You can get the full IMDB dataset (updated daily) from here !

On it (as of 27/06/2023) are 293,501 rated films. The distribution of their rating is shown below:

enter image description here

As you can see, the full dataset doesn't show the same bimodal distribution as the curated sample in the question.

This suggests that the sampling is producing this bimodality. There are lots of possible reasons for this but perhaps the datasets will let you explore a bit more.


Many of the films have 500 votes or fewer. If we discount those, we're left with around 58k films whose ratings distribution is below:

enter image description here

One striking fact about these charts is quite how high the ratings are. It seems a rating of 5 does not correspond to an "average" film. Perhaps you get a few ratings points for making a film at all ;-).

Chris Lewis
  • 3,641
  • 1
  • 6
  • 11
  • 5
    Or the ratings are biased in that the ones on the really bad end of the scale have mostly just faded into well-deserved obscurity and are not seen and rated by enough people to register? I've seen some listings on there that you'd have to personally know the filmmaker in order to get a copy of it. Many older and lesser-known titles may not even have any surviving copies anymore, but they're still listed. – Darrel Hoffman Jun 27 '23 at 16:03
  • 1
    I've always felt that many people rate films on an American grade distribution, where below 70 is considered failing. – Brady Gilg Jun 27 '23 at 17:23
  • 1
    I have generally seen "movie raters" Indicate Average movie with 6-7 rating , Best movie with rating 9-10 & Bad movie with rating 4-5 , @BradyGilg , Horrible movie gets 2-3 rating , while 1 rating is reserved for review-bombing Cases. Partially , that may Explain the Bias here ! – Prem Jun 27 '23 at 17:42
  • 2
    @DarrelHoffman, it's a well-known phenomenon that nobody ever uses the lower half of a ten-point rating scale. (And on a five-point scale, nobody ever rates something a "2".) – Mark Jun 28 '23 at 01:35
  • 3
    It was always the running joke in our family that every movie has a 6.7 rating on IMDB. Didn't matter how good or bad it was, it'd be around there. Nice to see this wasn't just our imagination. – Luke Sawczak Jun 28 '23 at 03:35
  • One would hope that a good movie (i.e. one that people like) would have a greater chance of getting through financing and filming and release and whatnot (that a lot of people may need to sign off on) than a bad movie. Plenty of bad movies still get made, sure, but it makes sense that the ratings would skew positive. – NotThatGuy Jun 28 '23 at 13:50
  • @NotThatGuy But all movies would be rated against the ones that have been made, not the ones that didn't get produced. Another thing that might be interesting is to look at distributions of votes for individual films. I can't imagine there are many, say, pure 7s out there (where everyone agrees, yes, this film is 7/10). My guess would be that people motivated enough to vote would tend to vote high ("best film ever!") or low ("why did this get such a good rating?! I must correct it!), but perhaps that's not the case among people with IMDb accounts. Unfortunately that isn't in the IMDb dataset – Chris Lewis Jun 28 '23 at 14:02
  • There are multiple causes for bias: Moviegoers aren't going in blindly, they choose movies that they expect to like, and they're usually right. Movie studios try to avoid making bad movies; they don't always succeed, but most movies that get to theatres are decent. Ratings are on an absolute scale, not relative to the universe of movies that get to theatres; so 0 is the worst possible movie, not the worst available movie, and no one makes those. – Barmar Jun 28 '23 at 16:10
6

This is known as a "bimodal distribution". The modes is this case are close together, so it's not a very strong effect. You could model the distribution as being the sum of two normal distributions with slightly different means; i.e., there are two "types" of movies that you like, one that averages slightly higher ratings than the other.

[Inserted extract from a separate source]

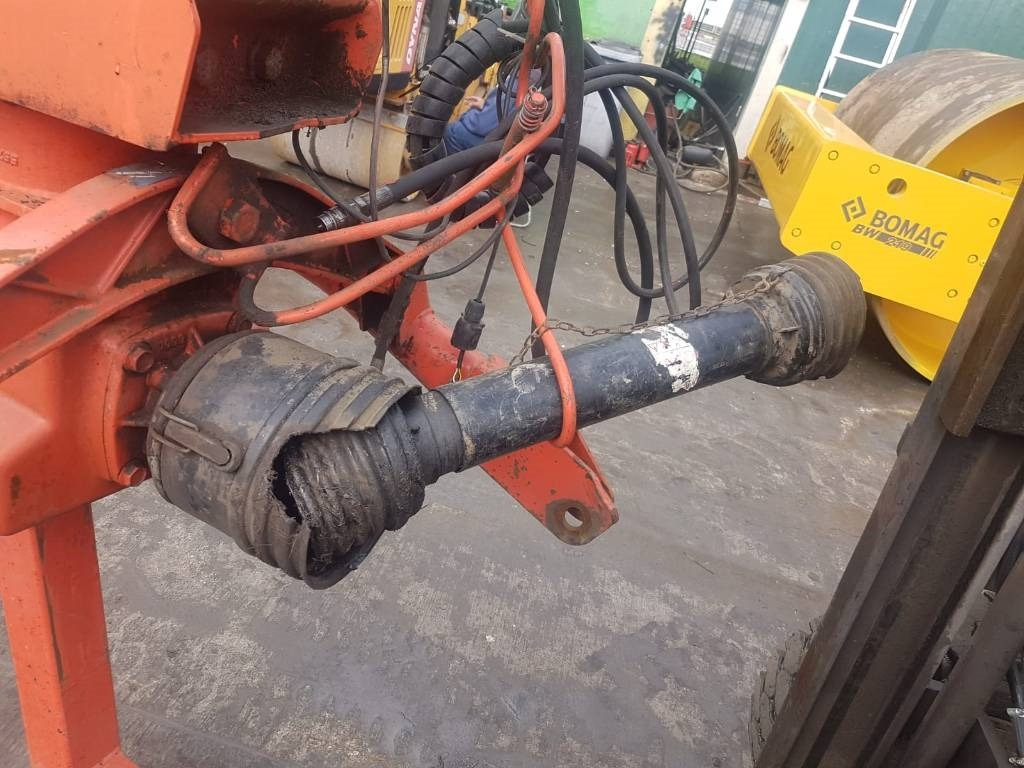 Kuhn FC 303 G C  - Slåttermaskin: bild 2 Kuhn FC 303 G C  - Slåttermaskin: bild 2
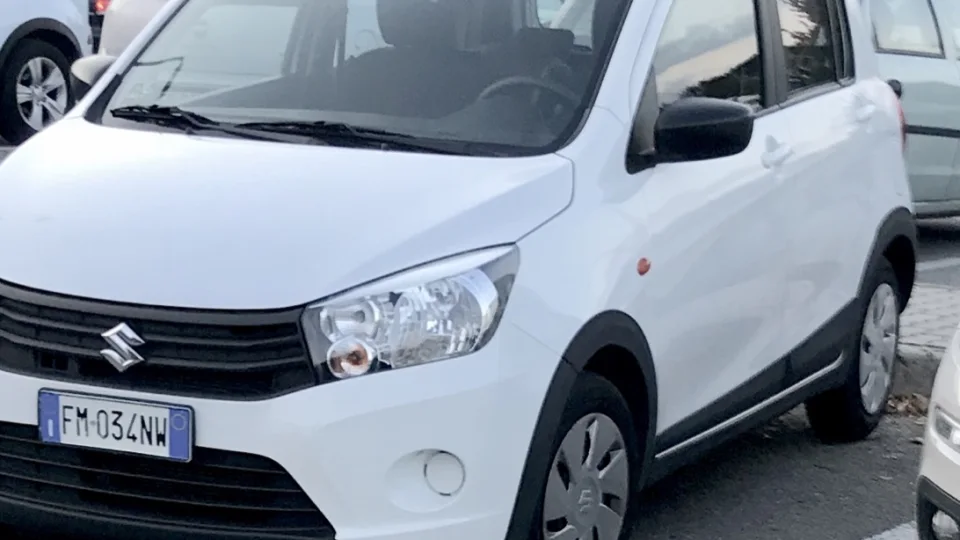 Suzuki Celerio 1.0 CVT - ảnh chi tiết 2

The idea that distributions tend to be normal comes from the fact that a lost of numbers come from a bunch of different effects, each one only a small percentage of the total effect, and uncorrelated or not very correlated with the others. Bimodality suggests that there are some factors that have very large effect, and/or are strongly correlated with each other. It could be that there's two clusters of movies, one slightly better than the other. Or there's one cluster of reviewers that tend to give slightly below 7, and another slightly above, and they tend to review different movies. But given that according to Chris Lewis' charts, movies in general are not bimodal, it seems that there are two clusters of movies that you've collected. For example, maybe half of your movie collection was chosen by you, and the other half was chosen by your partner.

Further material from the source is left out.